Our research objectives in brief
Priniatikos Pyrgos is a rare example of a single site which has clear evidence for activity over an exceptional stretch of time, from the first widespread settlement of the island over 5000 years ago in the Final Neolithic through the Minoan periods and Iron Age into Archaic, Classical, Hellenistic, Roman, Byzantine and Venetian times with modern agricultural exploitation to this day. Our research strategy takes full advantage of this great duration of use as we seek to provide a unique window into the exploitation of a specific space in relation to its setting in an ever changing landscape from the time of earliest widespread settlement in Crete to the present day.

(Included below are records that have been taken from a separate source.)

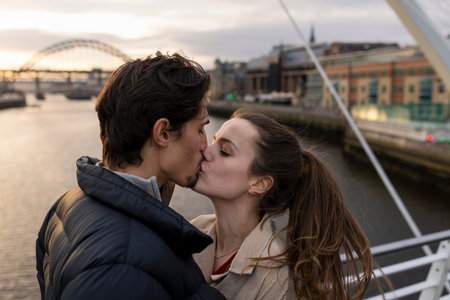A close-up shot of a young couple standing side by side sharing a kiss together on a bridge in the city, they are in love.の写真素材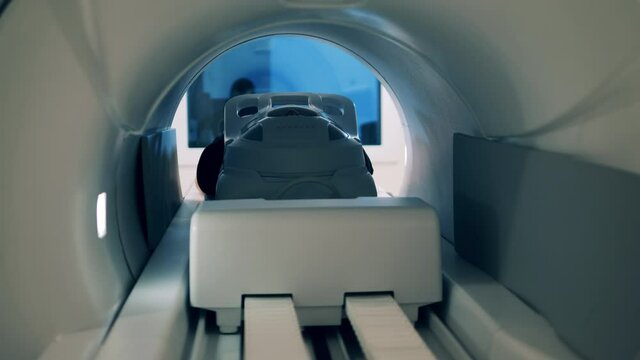 A person is moving into an MRI machine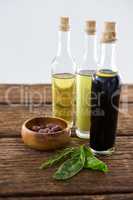 Marinated olives with olive oil and balsamic vinegar bottles on table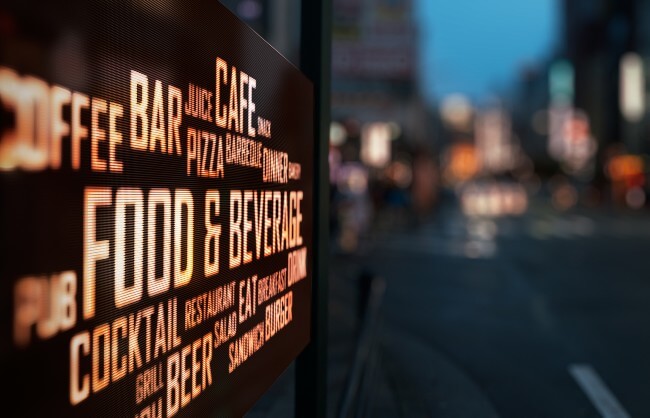 Sign with food and alcohol advertisement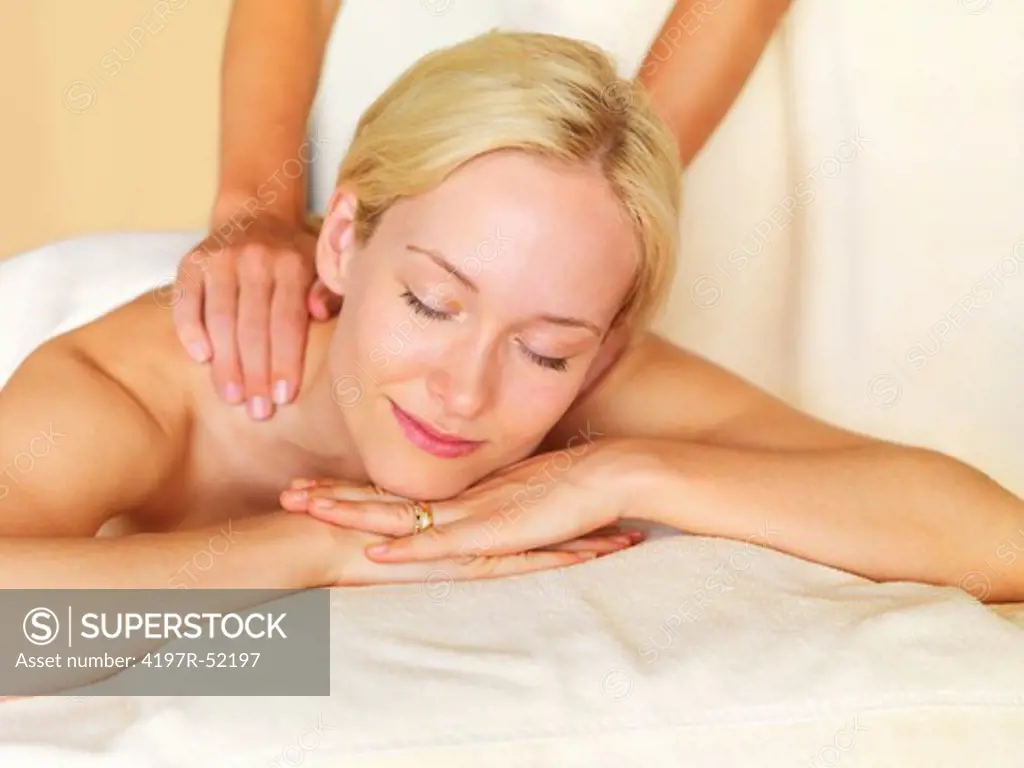 Gorgeous middle aged woman receiving back massage at spa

The available evidence suggests that Priniatikos Pyrgos was never a central focus for high-status settlements, rather it represents the archaeology of the daily lives of the inhabitants of past societies of this region in Crete. In this context, one of the primary research objectives will be to investigate the varying regional functions and importance of Priniatikos Pyrgos throughout prehistoric and historic times in relation to exchange networks, settlement systems and manufacturing industries. The varying fortunes of this site through time thus provide an exciting window into human interactions with changing land and sea-scapes, natural resources, environmental conditions and ultimately, with each other.
The site and the sea
The site of Priniatikos Pyrgos today is a limestone headland jutting out into a small bay in the Gulf of Mirabello, flanked by beaches to the east and west. Sea-level changes over the millenia mean that the aspect of the site we see today is not the way things have always been, as throughout much of prehistory the coastline was further out past the tip of the modern headland, revealing the site as a hillock just inland from the sea. This revelation, along with further work of the Istron Geoarchaeological Project tells us that the site we look at today has seen great environmental change since the first humans arrived in this area. By late antiquity, rising sea-levels had left Priniatikos Pyrgos exposed as the headland we see today, and the remains of walls of long since collapsed buildings can be seen in the seas all around the site.